Rite Aid has been remodeling its stores into Wellness stores that offer superior customer services and deliver better same-store sales and script growth than conventional stores. Last year, Rite Aid's Wellness stores achieved 320 basis points higher same-store sales and 1% better script growth than non-wellness store.

In the last quarter, Rite Aid completed 94 remodels, three expansions and two relocations. The company's Wellness store count has now reached 1,215. In other words, by the end of the previous quarter, Rite Aid converted 26% of its 4,587 stores into Wellness stores.

Furthermore, Rite Aid is getting more aggressive with store conversions. In the current fiscal year, Rite Aid has planned to remodel an additional 450 stores, an uptake from 405 remodeled stores in the previous year.

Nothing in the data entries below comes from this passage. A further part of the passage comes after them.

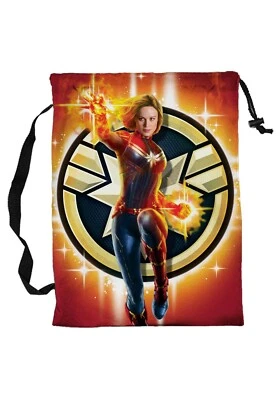 Marvel Captain Marvel Pillowcase Treat Bag - Image 1 of 4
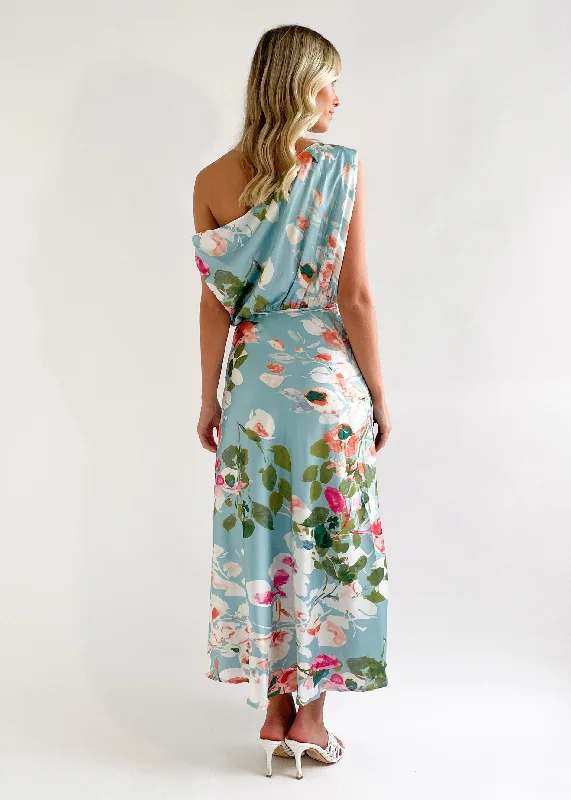 larose-midi-dress-blue-floral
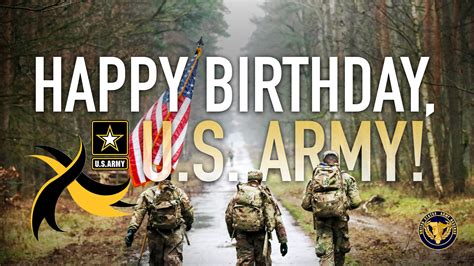 Army Birthday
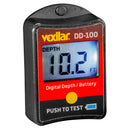 Vexilar Digital Depth  Battery Gauge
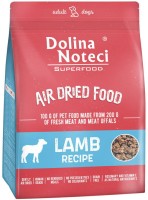 Фото - Корм для собак Dolina Noteci Air Dried Food Lamb Recipe 5 кг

Last year, the company's wellness stores averaged 38% more flu-shots than non-wellness stores, thanks to its team of 2,000 wellness ambassadors. Rite Aid has also reported a 5% growth in non-flu immunizations and has exceeded its annual target by immunizing 3.2 million patients.

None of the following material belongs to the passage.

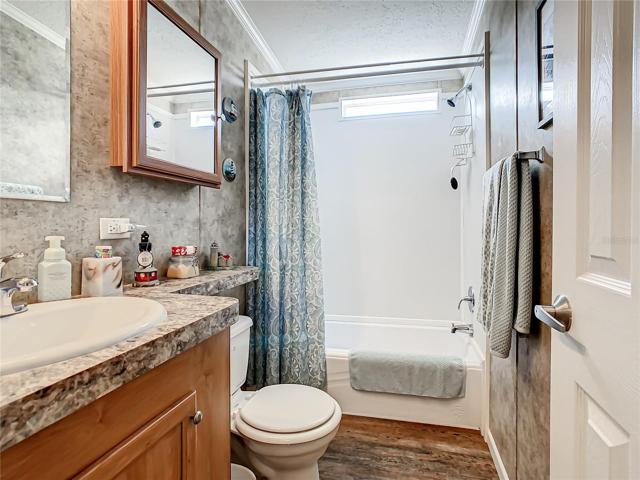 Guest bathroom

With the increasing number of wellness stores and wellness ambassadors, the company could report an increase in immunization, higher same-store sales and better script growth.

Last month, Rite Aid went after inorganic growth by acquiring RediClinic, an operator of retail clinics in Texas, for less than $100 million. Rite Aid has planned to rapidly expand RediClinic from just 30 clinics to nearly 100 clinics within the next 2 years.

Rite Aid's growth is also being driven by a favorable business environment. Millions of previously uninsured Americans are now getting coverage from the Healthcare Reform Act, which could significantly increase the pool of potential drug buyers.

Moreover, a large number of branded drugs have lost their patents, which has led to the growth of generic drugs. The generics are significantly cheaper than the branded drugs but are much more profitable. Therefore their growth usually has an adverse impact on sales growth but they give a boost to profitability.

Then there is the increase in the aging U.S. population which could lead towards higher drug sales.

Meanwhile, Rite Aid has expanded its agreement with McKesson which will enhance Rite Aid's ability to manage its inventory, particularly the generic drugs, which could lead towards substantial cost savings. This will directly result in a working capital benefit f $150 million, which will be realized in the second half of the current fiscal year.

At the time of publication, the author held no positions in any of the stocks mentioned.

This article represents the opinion of a contributor and not necessarily that of TheStreet or its editorial staff.